Conclusa la fase di riempimento si procedeva all’accensione del fuoco nel fornello appositamente predisposto.
A ridosso del forno era allestito un piccolo ambiente utilizzato dagli operai come riparo sia nei mesi estivi che invernali.
Il lavoro e la fatica sostenuta dagli operai erano immani; infatti, per portare a compimento il processo di cottura di un solo forno, era indispensabile la manodopera di almeno 8-10 persone, con turni di due alla volta per un intero mese, sia di giorno sia di notte. Questo non accadeva sempre: in molti casi il lavoro era svolto da squadre ridotte che si alternavano nel duro lavoro.
La cottura della calce poteva durare dai 15 ai 40 giorni, a seconda delle condizioni climatiche. Per alimentare il forno per una durata di 30 giorni servivano in media dalle 30.000 alle 40.000 fascine di legna. Con il bel tempo per completare la cottura di 1000-1100 quintali di calcare si impiegavano 28 giorni, mentre in sfavorevoli condizioni metereologiche essa veniva prolungata fino a 35-40 gg..
Quando la roccia assumeva una colorazione dorata, significava che la cottura era terminata. La resa finale corrispondeva a circa l’80% di tutto il carico, infatti la parte interna dei blocchi, il “cuore”, non raggiungeva la temperatura di cottura.
Una volta terminata la cottura, la calce veniva estratta con le vanghe dal forno.
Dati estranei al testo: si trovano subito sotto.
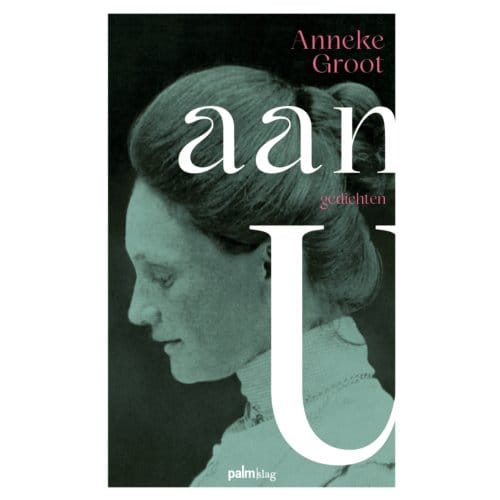 Aan U - Anneke Groot
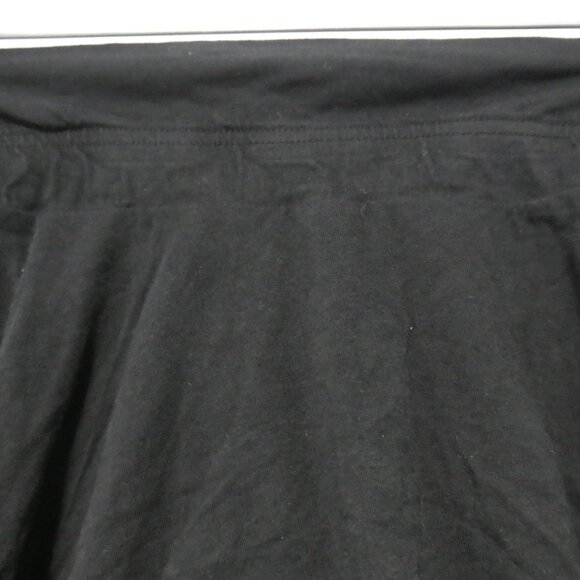 OLD NAVY BRAND | small | Black Skorts - Picture 4 of 15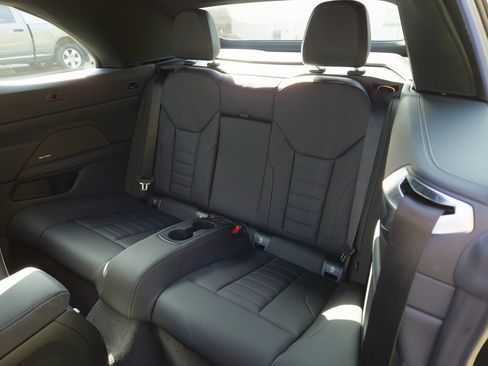 New 2026 BMW M440i Convertible w/ Premium Package image 17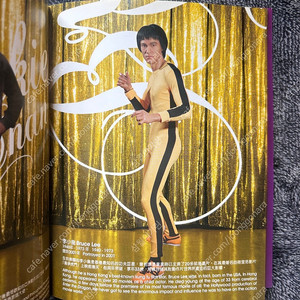 홍콩 마담투소 밀랍인형 박물관 올컬러 이소룡 마이클잭슨 마릴린 먼로 등 팜플렛 도서 책 서적 팝니다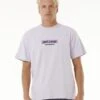 Rip Curl Quest Fade Out Tee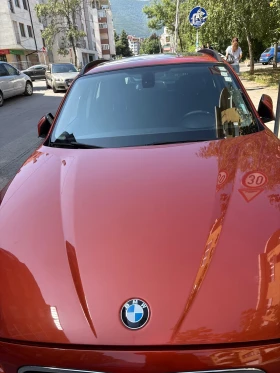     BMW X1 DRIVE 20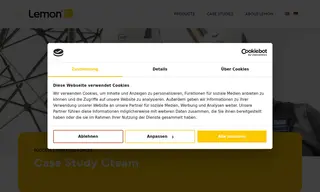Preview of the Cteam Case Study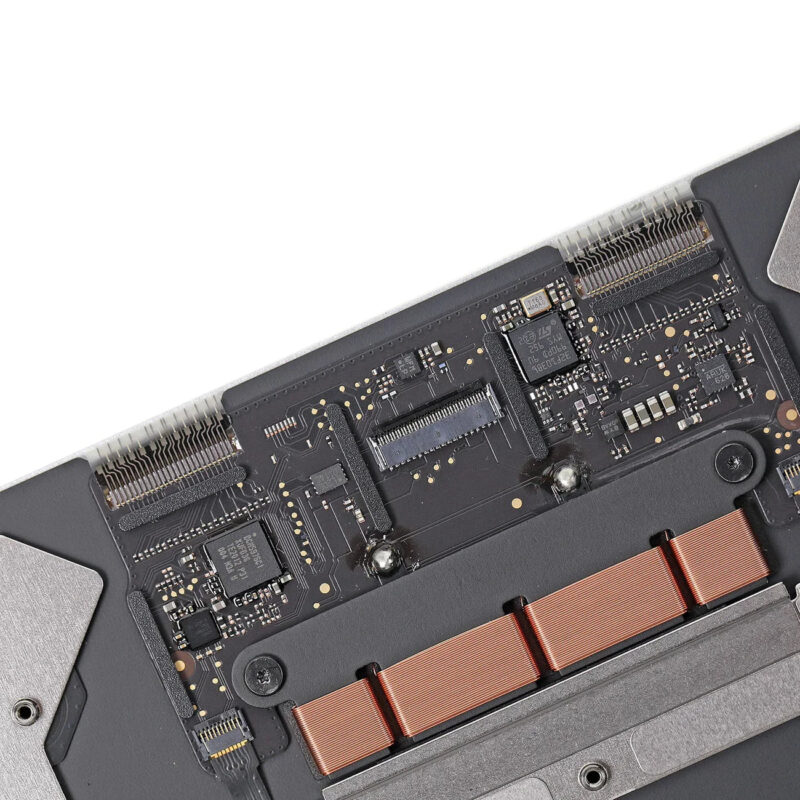 Trackpad w/ IPD Cable & Screws - Image 3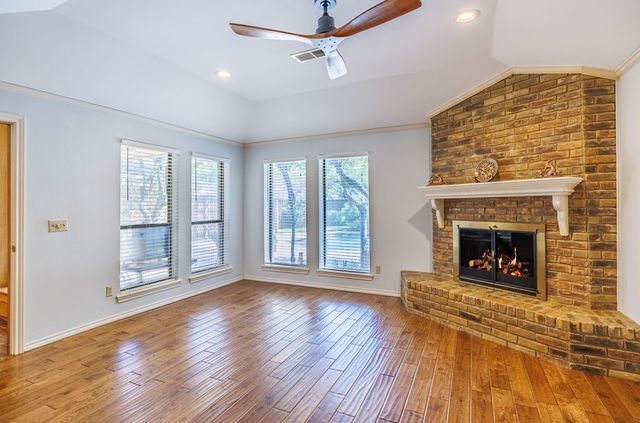 10126 Bridgegate Court, Dallas, TX 75243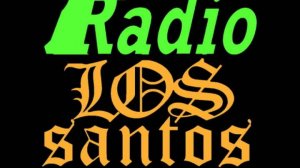 GTA SA Radio Los Santos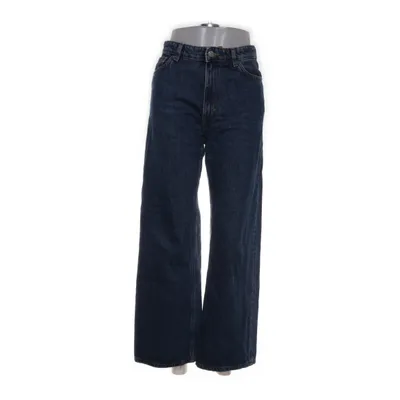Jeans (Blå) från Monki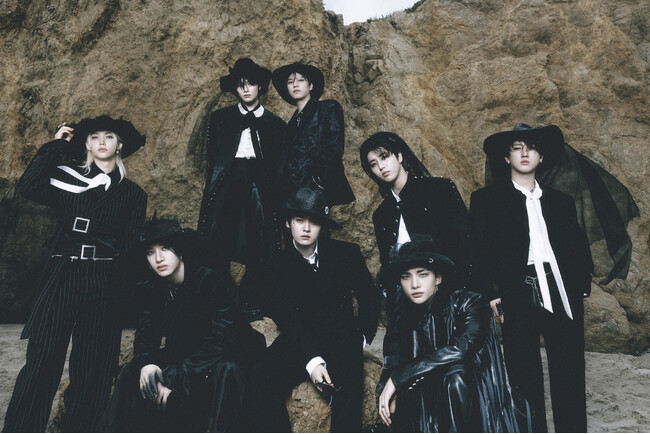 【Stray Kids SKZ IT TAPE『DO IT』発売記念】＠Loppi・HMV限定特典決定！さらに、ラッキードローイベントなどさまざまなスペシャル企画も！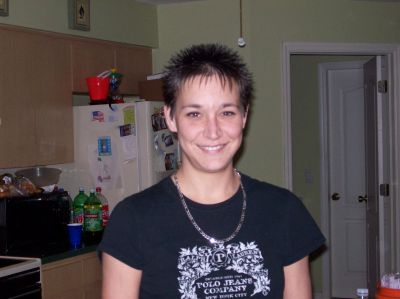 Kristine Eigenbrode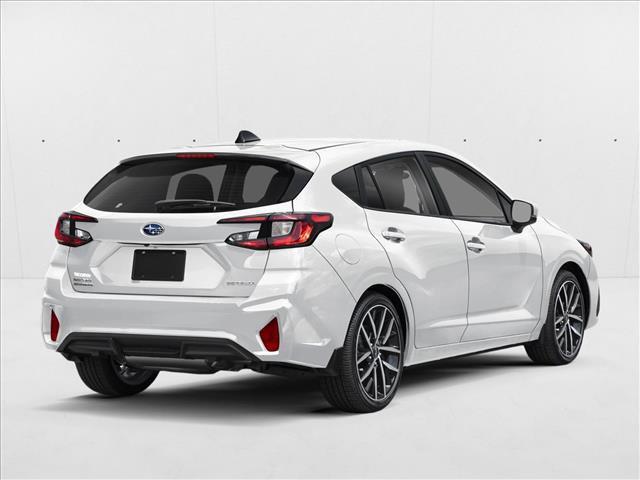 new 2026 Subaru Impreza car, priced at $29,201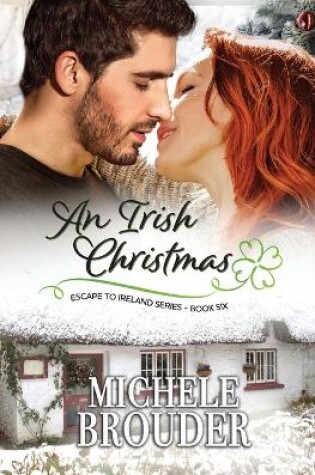 Cover of An Irish Christmas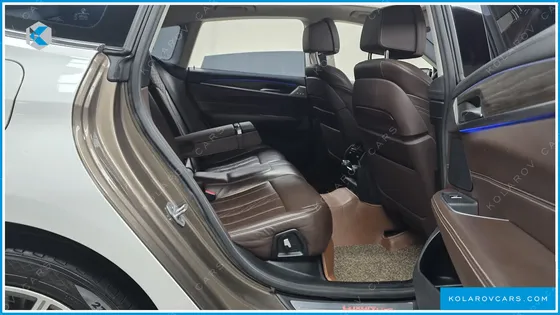 BMW GRAN TURISMO (GT) 630D XDRIVE LUXURY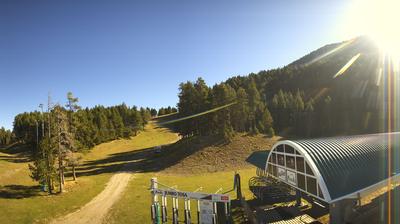 La Molina Webcam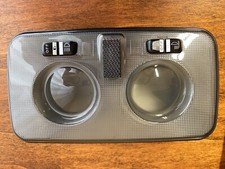 Plafoniera fiat lancia usato  Macomer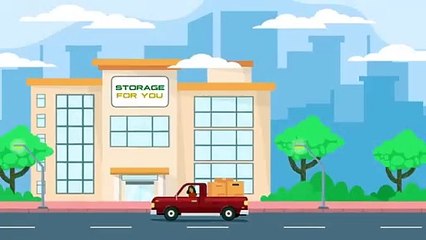 Make Packing for Your Move Easier!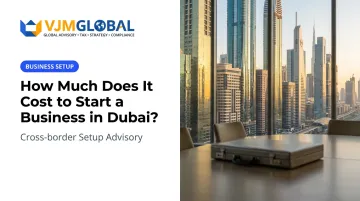 How Much Does It Cost to Start a Business in Dubai?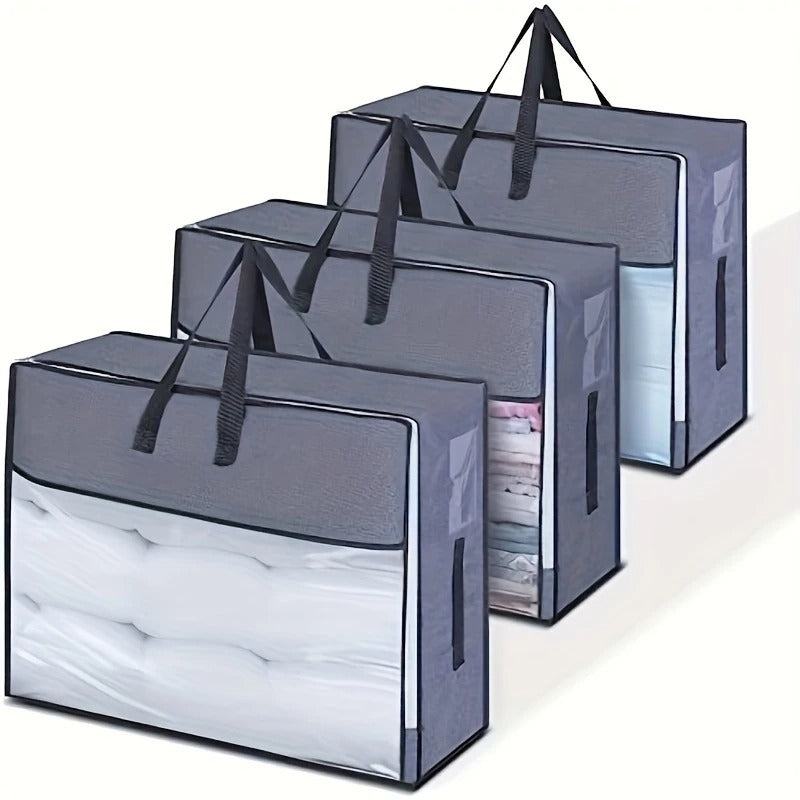 Underbed Storage Cloth Bag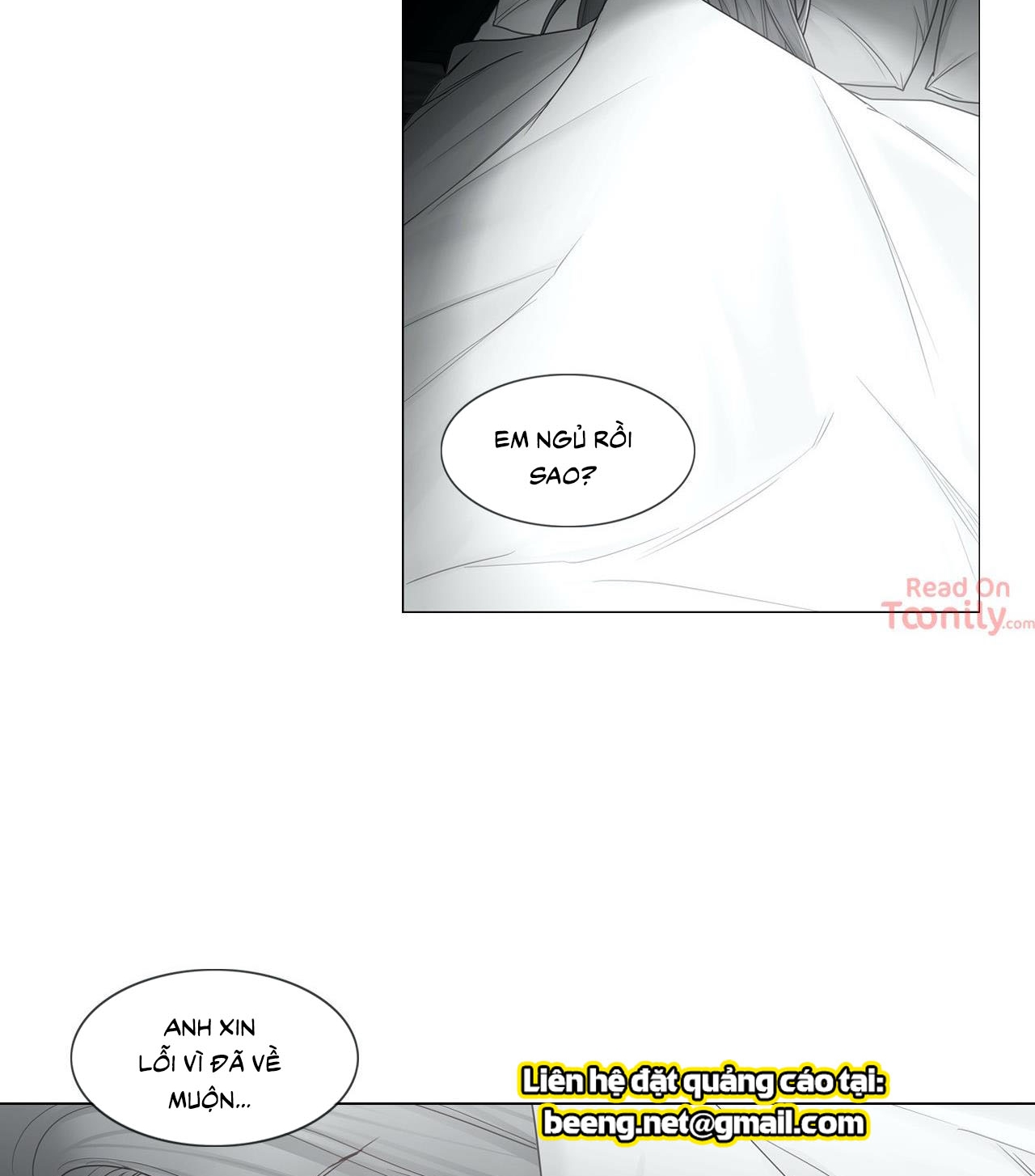 mở khóa tim em chapter 33 28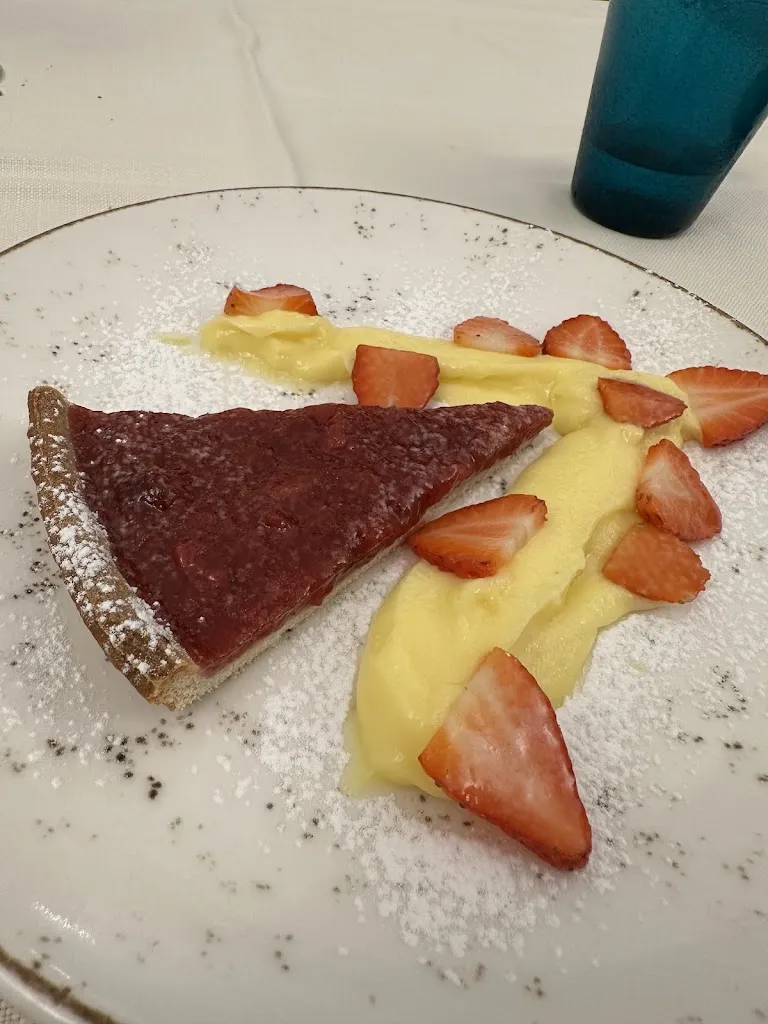 Manuel Roth_Ristorante Il Frantoio Lerici_Lerici_review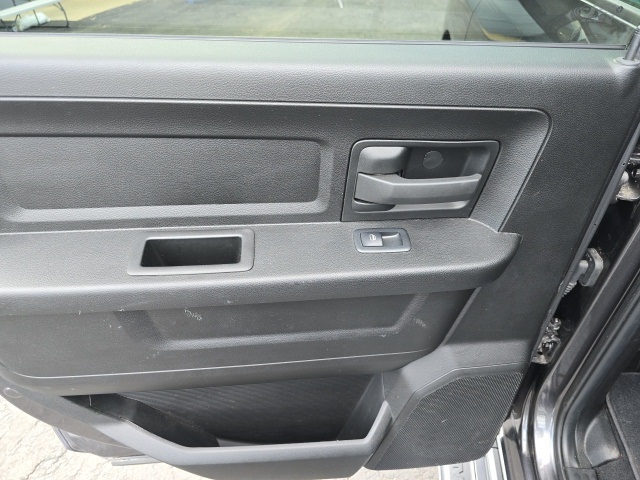 2023 Ram 2500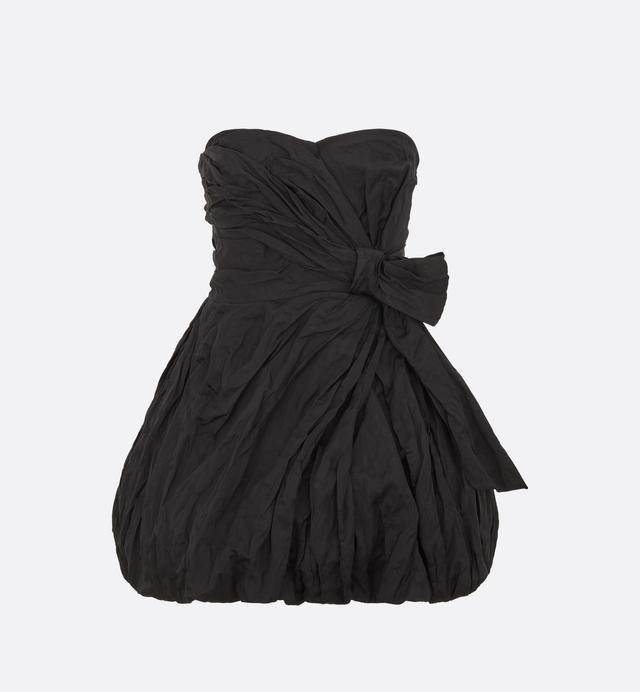 Bustier Dress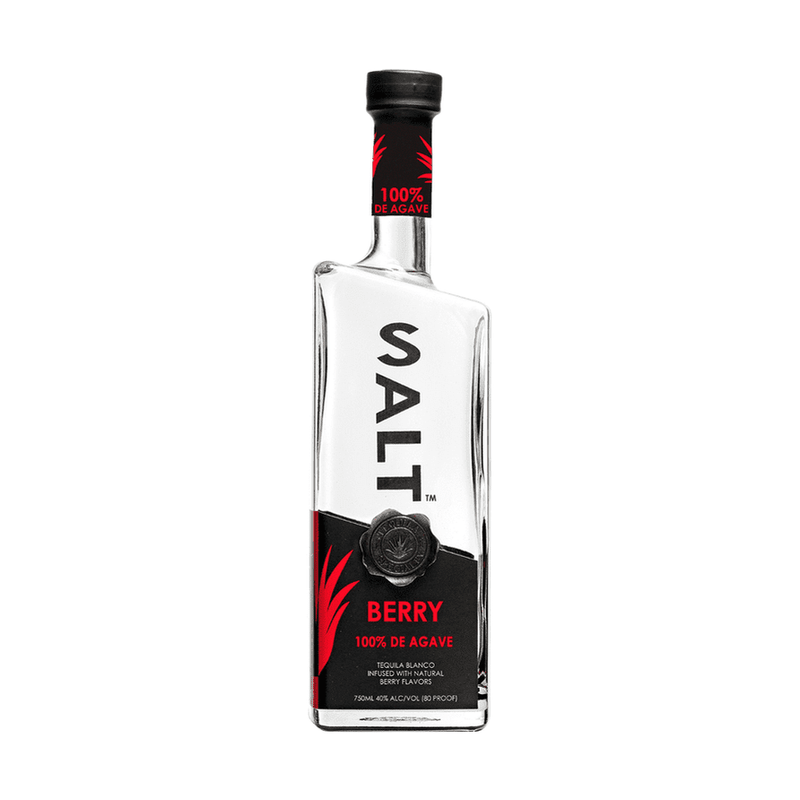 Salt Berry Blanco Tequila - ForTequilaLovers.com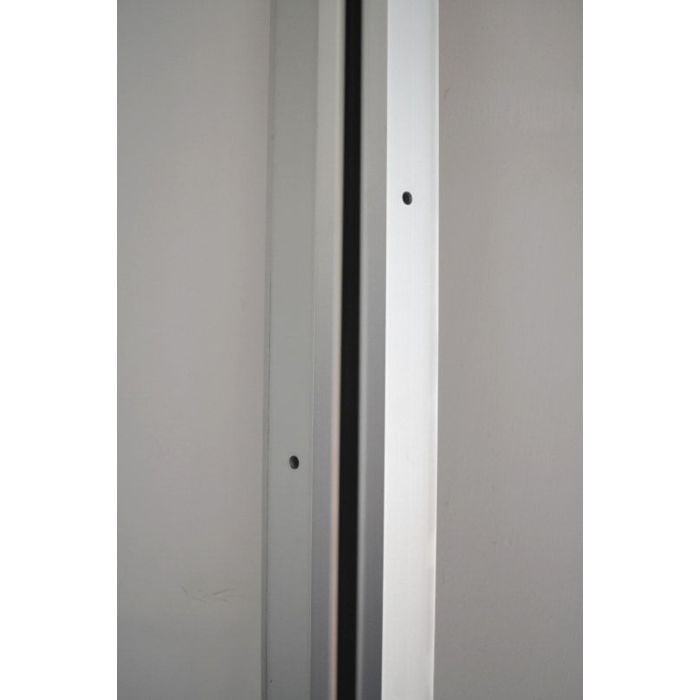 Bisagra Tila 29/180° L=2000mm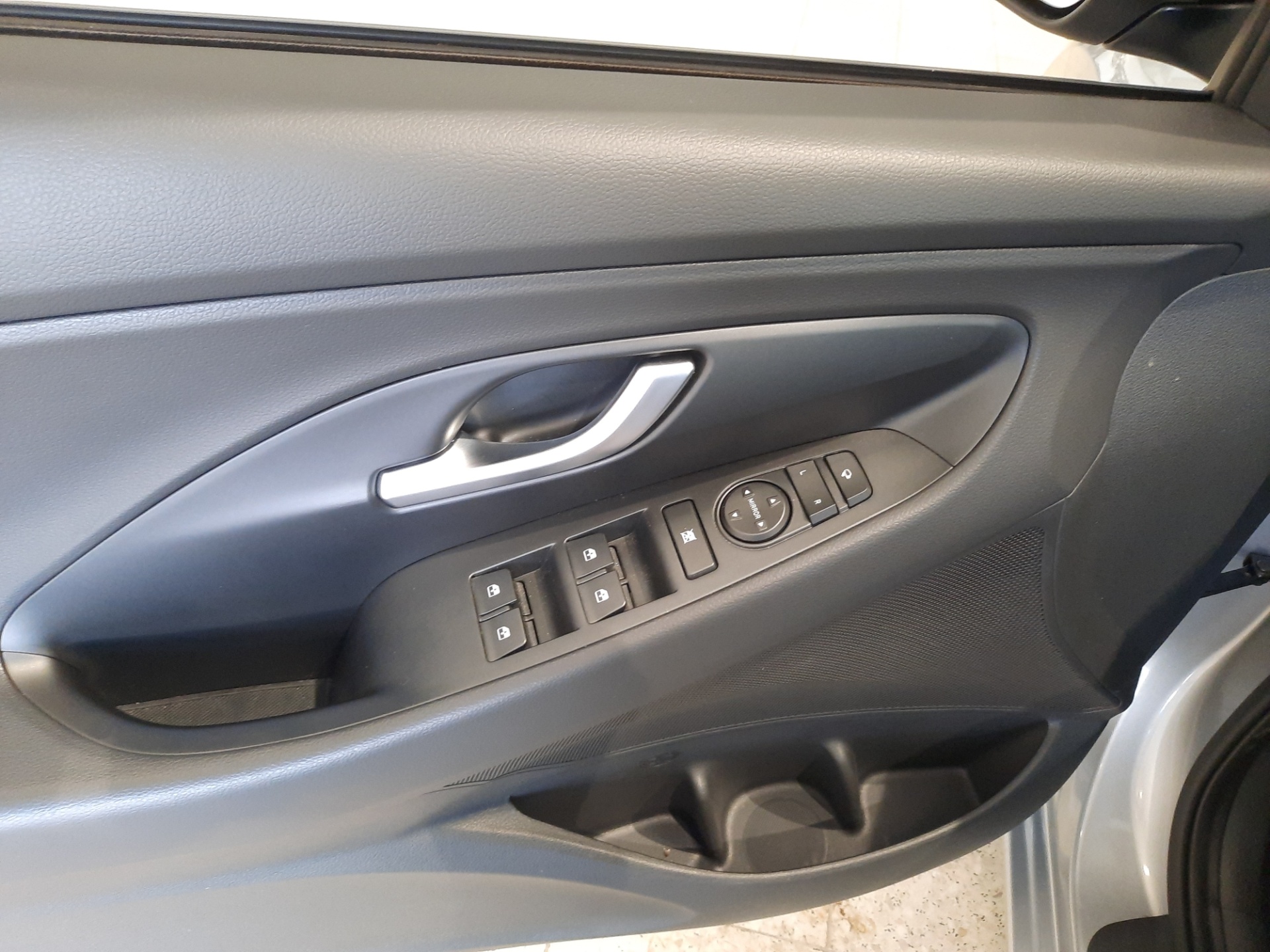HYUNDAI i30 Wagon 2025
La vendita del prodotto finito avveniva nei pressi del sito, dove i privati si recavano per acquistarla, o nei paesi limitrofi trasportata con i carri.
Per poterla conservare meglio, una volta che veniva idratata, questa veniva posta all’interno di buche nel terreno e ricoperta con uno strato di sabbia.
PROPOSTE PER LA VALORIZZAZIONE, TUTELA E RECUPERO DEI FORNI DI CALCE
Le antiche fornaci, piccoli gioielli d’archeologia industriale, sono uno strumento importante per capire e studiare il passato più recente della nostra attuale civiltà industriale. I forni di calce (sos urros ’e carchina nel dialetto locale) rappresentano una singolare testimonianza e come tali si rende necessaria la loro conservazione perché parte integrante della cultura e delle tradizioni della nostra terra.
Sarebbe importante valorizzarli e creare degli itinerari turistici escursionistici, con percorsi d’archeologia industriale e naturalistici. Infatti, la maggior parte sono immersi in aree di notevole pregio naturalistico molto interessanti per i tipi di fauna e flora che vi si ritrovano.